Ecco un esempio di ingerenza dello stato (del cazzo) in campo turistico tratto da un articolo che può essere letto per intero sul sito leoniblog.it (gli ultimi due paragrafi sono, diciamo, eloquenti):
La differenza tra lo Stato e Booking.com
In Italia, il 35% delle prenotazioni alberghiere viene ormai effettuato online, ed è una percentuale in continua crescita. Il che, d’altronde, non può sorprendere: i siti di comparazione tra alberghi, oggi, non solo offrono in modo accessibile cataloghi vastissimi di strutture ricettive di ogni genere, ma spesso garantiscono agli utenti il miglior prezzo disponibile. Ciò comporta enormi vantaggi per i consumatori, […]. Ma non solo: a guadagnarci sono state quelle strutture ricettive che, per le loro dimensioni ridotte, prima dell’avvento di internet avevano molte difficoltà a guadagnare visibilità, specie a livello internazionale, tramite i canali “tradizionali” (pubblicità, agenzie di viaggi).
Alcune associazioni di categoria, tuttavia, sostengono che i colossi del web abusino della loro posizione dominante per imporre condizioni insostenibili agli alberghi: tra queste, spicca l’ammontare delle commissioni, che arriva al 30% di ogni prenotazione, e la cosiddetta “Parity Rate”, cioè la garanzia che, per ogni struttura che compaia sul proprio catalogo, il prezzo di prenotazione sia sempre il più basso che si possa trovare sul web. […].
A quanto pare, un emendamento al Ddl Concorrenza in discussione alla Camera potrebbe impedire l’utilizzo delle clausole di Parity Rate, […].
Non fa una piega. Peccato che Booking ed Expedia non obblighino nessuno a usufruire dei loro servizi: chi decide di farlo deve accettare delle condizioni, com’è normale che sia. Se è tanto ricattatorio, basta non usufruirne. Un albergo che decida di farne a meno è già libero offrire la sua camera a 90 Euro, come ventilato da Federalberghi. Così come chiunque è libero di aprire il proprio sito di prenotazione alberghi, mettendosi in concorrenza con Booking ed Expedia, proponendo condizioni più favorevoli e così convincendo gli operatori a utilizzare solo quel portale.

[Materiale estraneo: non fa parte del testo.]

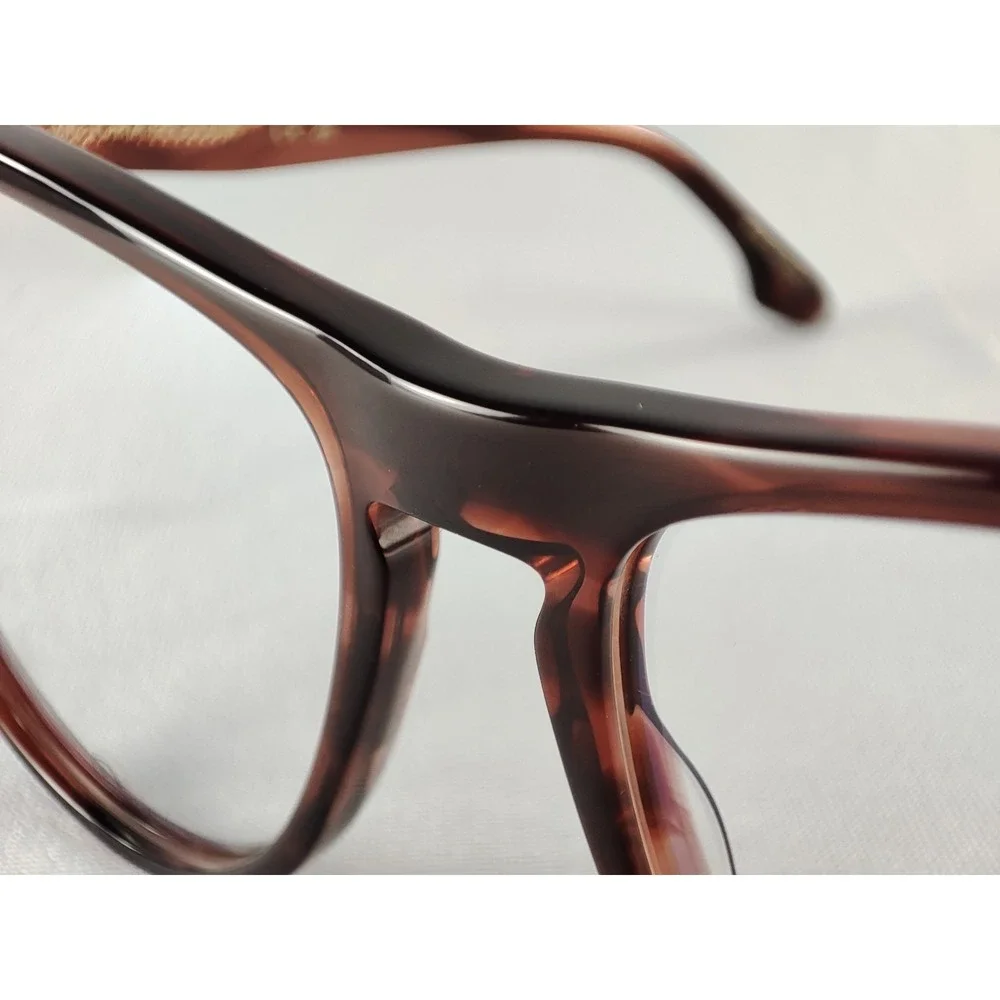 Victoria Beckham VB2672‎ 618 Amber Tortoise Cat Eye Eyeglass Frames 56-15-140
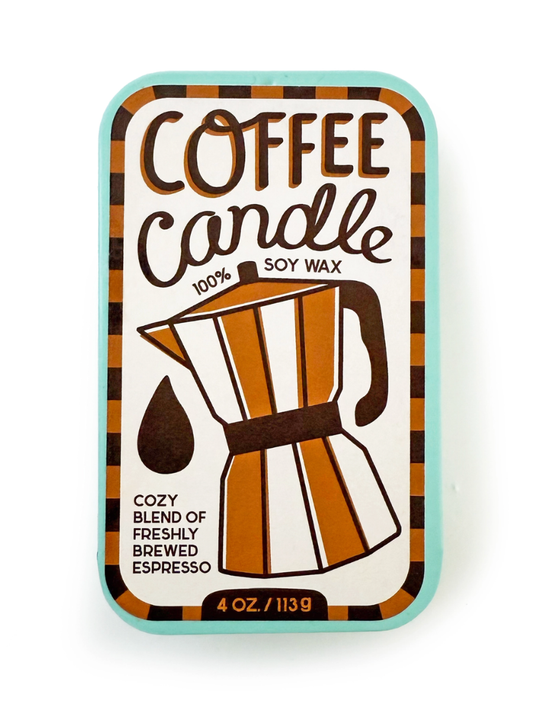 coffee soy candle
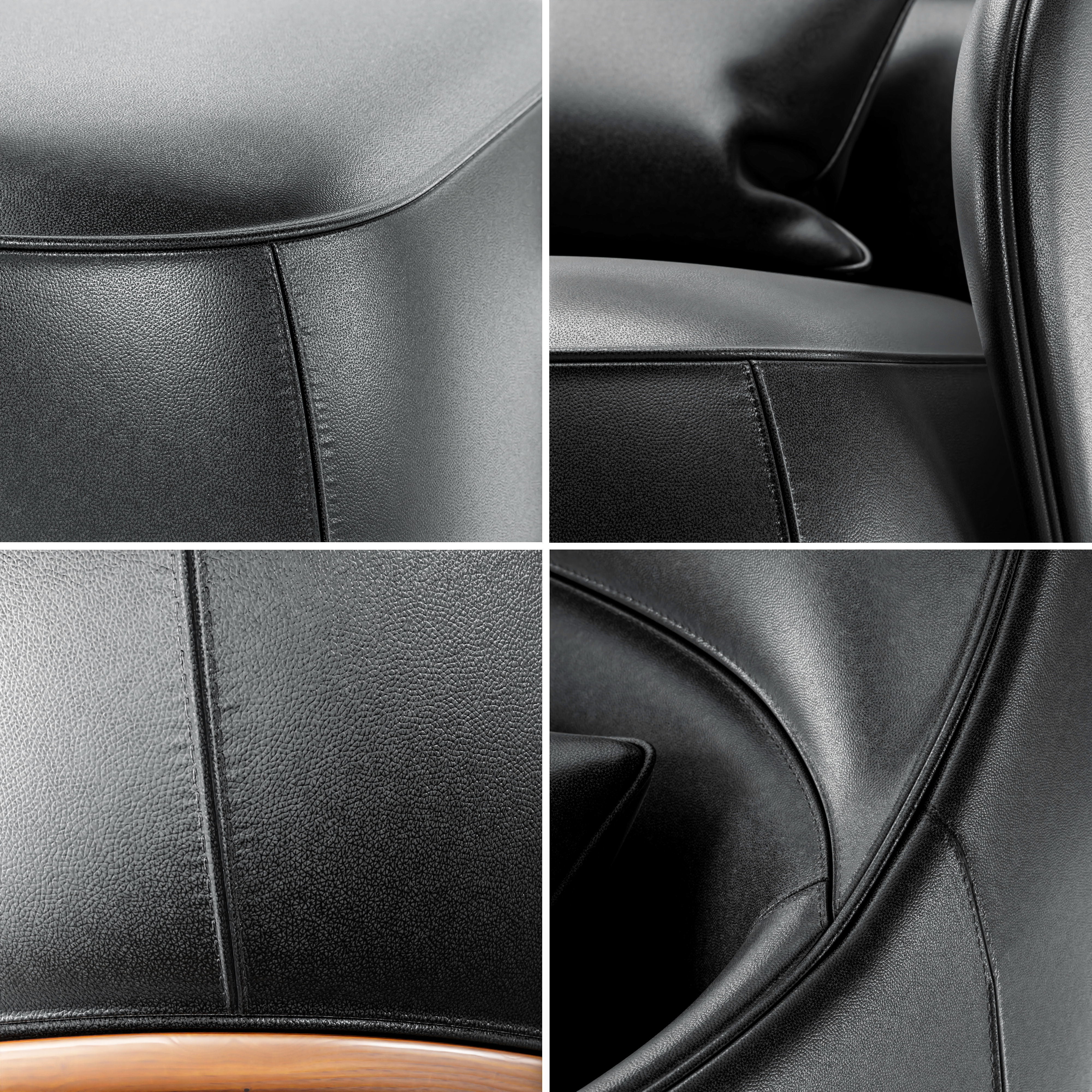 giorgetti caddy armchair 3D model_5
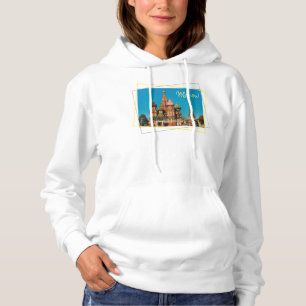 Russisch Rode Plein St. Basil's Russisch Hoogtepun Hoodie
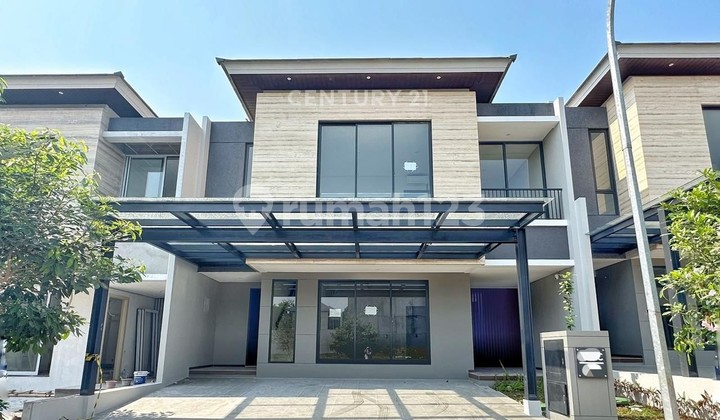 Disewa Rumah di Discovery Alton Bintaro Lokasi Strategis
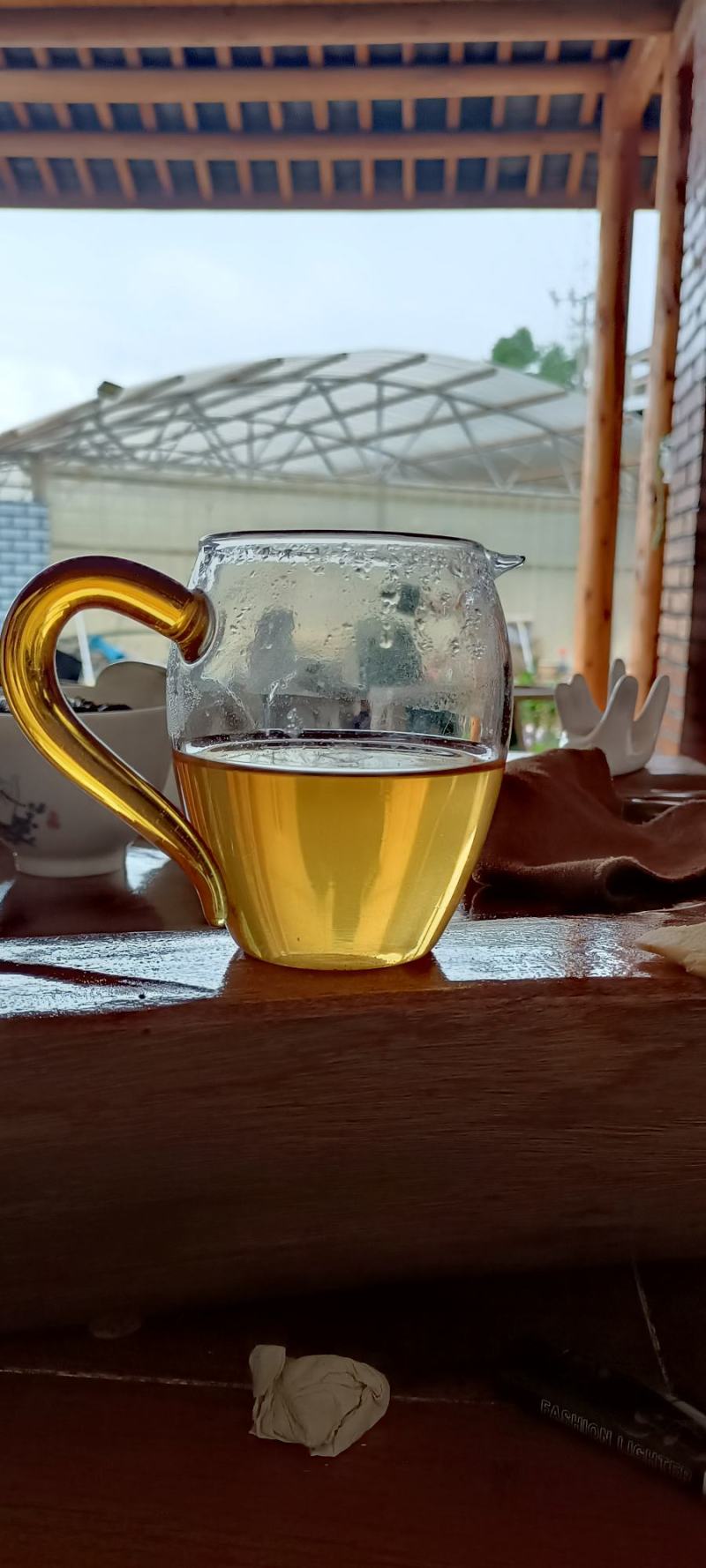 2022年夏茶，晒青毛茶，手工制作，机器挑选黄片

Il fatto che una limitazione del genere, poi, sia contenuta nel Ddl concorrenza è a dir poco paradossale: mentre lo Stato stava a guardare, sono stati proprio siti web come Booking ed Expedia ad aumentare la concorrenzialità del settore, facendo diminuire i prezzi e aumentando la qualità e l’accountability delle strutture ricettive di tutto il mondo.
Booking ed Expedia hanno guadagnato negli anni la fiducia di milioni di clienti e albergatori, che usufruiscono spontaneamente di quel servizio e che, da un momento all’altro, possono decidere di non usarlo più. Lo Stato, d’altra parte, vuole intervenire coattivamente per limitarne la portata, così sconfessando la volontà di tutti gli operatori che oggi ne usufruiscono (Booking, Expedia, albergatori e consumatori), senza che i diretti interessati possano sottrarsi a quanto deciso. Da che parte sta la democrazia?